The p-value is used to factually assess the strength of both the null and alternate hypothesis. P-values are decimal numbers between 0 and 1, which serves as a probabilistic reference to weigh the hypothesis. Sometimes, the value is also expressed as a percentage. A p-value greater than 0.05 means that more than 1/20 of the time, the experiment shows no difference between the two groups. The value 0.05 is typically used and is known as the level of significance (α). In a regression problem, you want the p-value to be much less than 0.05 for the variable to be considered as a significant variable. Typically, a small p-value (< 0.05) suggests that null hypothesis is to be rejected while a large p-value (> 0.05) denotes that null hypothesis is to be accepted due to lack of counter proposition against it. Values equal or nearer to 0.05 suggest that the data scientist can make the call.
[Related article: The Difference Between Data Scientists and Data Engineers]

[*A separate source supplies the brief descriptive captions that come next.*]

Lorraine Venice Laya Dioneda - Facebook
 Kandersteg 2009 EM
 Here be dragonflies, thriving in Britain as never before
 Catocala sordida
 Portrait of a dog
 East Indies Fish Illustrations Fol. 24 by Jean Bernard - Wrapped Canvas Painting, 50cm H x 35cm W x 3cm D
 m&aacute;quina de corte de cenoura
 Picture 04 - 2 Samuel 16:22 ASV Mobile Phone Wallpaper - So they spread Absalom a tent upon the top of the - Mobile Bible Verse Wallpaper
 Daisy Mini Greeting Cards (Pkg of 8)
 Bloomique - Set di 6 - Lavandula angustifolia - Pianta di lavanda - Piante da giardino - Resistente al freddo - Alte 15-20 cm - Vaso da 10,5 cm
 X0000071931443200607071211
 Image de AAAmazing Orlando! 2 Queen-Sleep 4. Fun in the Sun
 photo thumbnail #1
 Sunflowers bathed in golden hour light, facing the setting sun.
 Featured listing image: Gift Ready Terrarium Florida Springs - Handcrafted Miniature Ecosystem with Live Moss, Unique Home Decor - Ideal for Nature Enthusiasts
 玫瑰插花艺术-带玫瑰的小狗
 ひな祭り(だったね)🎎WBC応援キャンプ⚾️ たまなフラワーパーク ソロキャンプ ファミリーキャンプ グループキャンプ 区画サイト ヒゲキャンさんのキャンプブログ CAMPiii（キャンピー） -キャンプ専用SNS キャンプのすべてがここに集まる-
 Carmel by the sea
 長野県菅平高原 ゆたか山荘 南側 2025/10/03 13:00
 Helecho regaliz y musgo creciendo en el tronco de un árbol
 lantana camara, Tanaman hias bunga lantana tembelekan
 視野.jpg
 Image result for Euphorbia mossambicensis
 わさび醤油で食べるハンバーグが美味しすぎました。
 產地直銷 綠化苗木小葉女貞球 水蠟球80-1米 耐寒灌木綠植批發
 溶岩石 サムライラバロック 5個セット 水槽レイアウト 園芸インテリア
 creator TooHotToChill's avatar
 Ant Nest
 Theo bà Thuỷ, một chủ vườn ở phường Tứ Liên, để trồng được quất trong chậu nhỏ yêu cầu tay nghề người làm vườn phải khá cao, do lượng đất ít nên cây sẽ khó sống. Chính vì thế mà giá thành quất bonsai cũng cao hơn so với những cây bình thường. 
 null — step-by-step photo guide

Data Science Point of View
Now let’s consider the use of p-values in data science settings. For this example, we’ll use the R environment. Using the Boston data set found in the MASS package, we’ll fit a simple linear model using the predictor variable rm and the response variable made. In the summary function output, we see the p-values circled in red, which are very small values, indicating the probability the variable is not relevant. If the number is very small will R display the p-value in scientific notation, as in the example 2e-16 or 2×10-16.
Essentially, we interpret the p-value. A small p-value indicates that it is unlikely to observe such a substantial association between the predictor and the response due to chance, in the absence of any real association between the predictor and the response. Consequently, if we see a small p-value, then we can deduce that there is an association between the predictor and the response. This means we reject the null hypothesis, i.e. we assert that a relationship exists between the two variables if the p-value is small enough.
Caveats for Using p-values in Data Science
Sometimes data scientists are advised to take p-values with a grain of salt when working on machine learning problems. This is due to situations where p-values are wrongly interpreted. There is a frequently cited journal article that says that p-values are logically flawed when they are used informally, without giving much thought to statistical considerations.